Beginning June 29, Metro riders who want to buy two-week flash passes will have five different passes to choose from instead of three, a Metro Board committee decided yesterday.
The decision was taken despite the protests of Metro General Manager Richard S. Page, whose pleas for simplification of Metro's fares and passes were brushed aside. The committee's recommendations are usually adopted by the full Metro Board.
Left unresolved for another week are the questions of how high the bus and subway fare increase scheduled June 29 will be. That also means that the final cost of the five flash passes is unresolved.
The five passes, all of which would offer a discount to anyone who used them every weekday during their two-week life, would cover the total bus fare for given trips and contain a limited amount of subway fare value, probably $5 or $6.
The five proposed passes:
A Maryland-D.C. pass, tentatively priced at $10 and containing $6 in subway fares.

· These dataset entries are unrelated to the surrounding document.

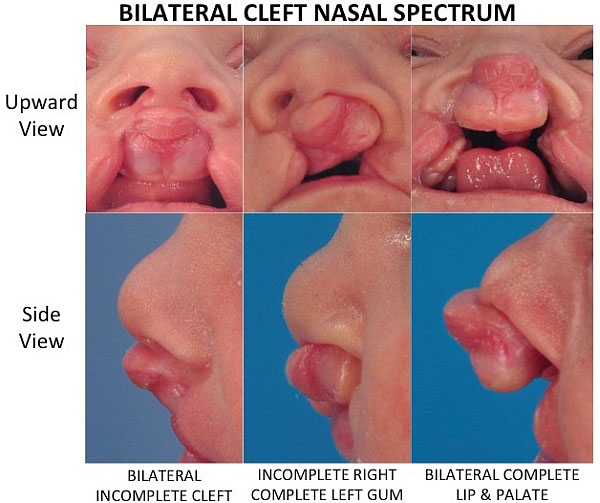 Images showing the spectrum of severity that bilateral cleft lip has on the nose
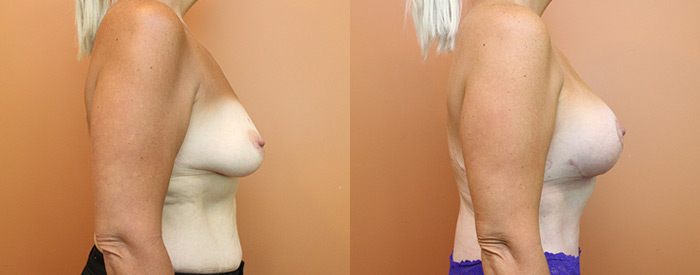 Breast Lift With Implants — 300cc Anatomical Sub Pect — Side View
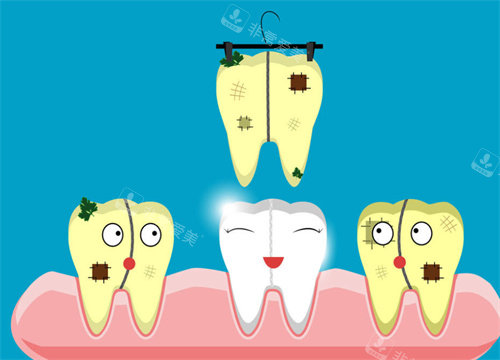 牙齿清洁卡通图片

A one-zone regional pass, tentatively priced at $12, good for one-zone bus fare anywhere and containing $5 in subway fares.

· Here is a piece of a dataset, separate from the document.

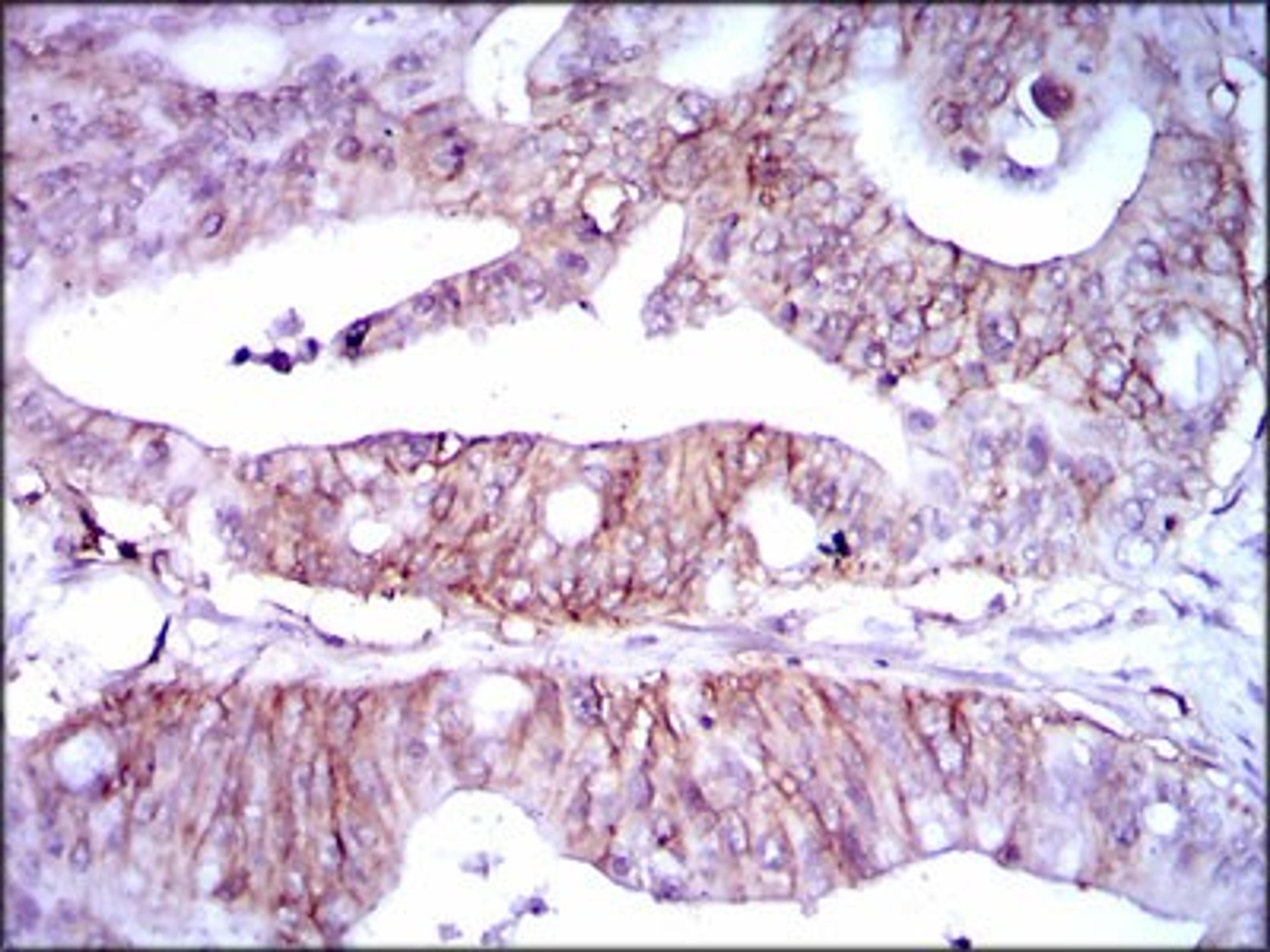 Immunohistochemistry: Lipoprotein a Antibody (4H1) [NBP2-37477] - Immunohistochemical analysis of paraffin-embedded rectum cancer tissues using LPA mouse mAb with DAB staining.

A maryland-D.C. pass, tentatively priced at $18, good for Maryland-D.C. bus trips and containing $5 in subway fares.
A Virginia two-zone pass tentatively priced at $16, good for bus trips in two Virginia zones and containing $5 in subway fares.
A Virginia three-zone pass, tentatively priced at $20, good for bus trips in three Virginia zones and containing $5 in subway fares.
The existing three-pass system, local governments have told Metro, does not result in a fair sharing of pass revenue among those governments. Their solution was to develop more specialized passes.
Page has complained that more passes would be harder to explain to the public, more difficult to administrate and more costly to print. Yesterday he said in an interview that it would cost $150,000 to print five kinds of passes instead of $100,000 to print three kinds.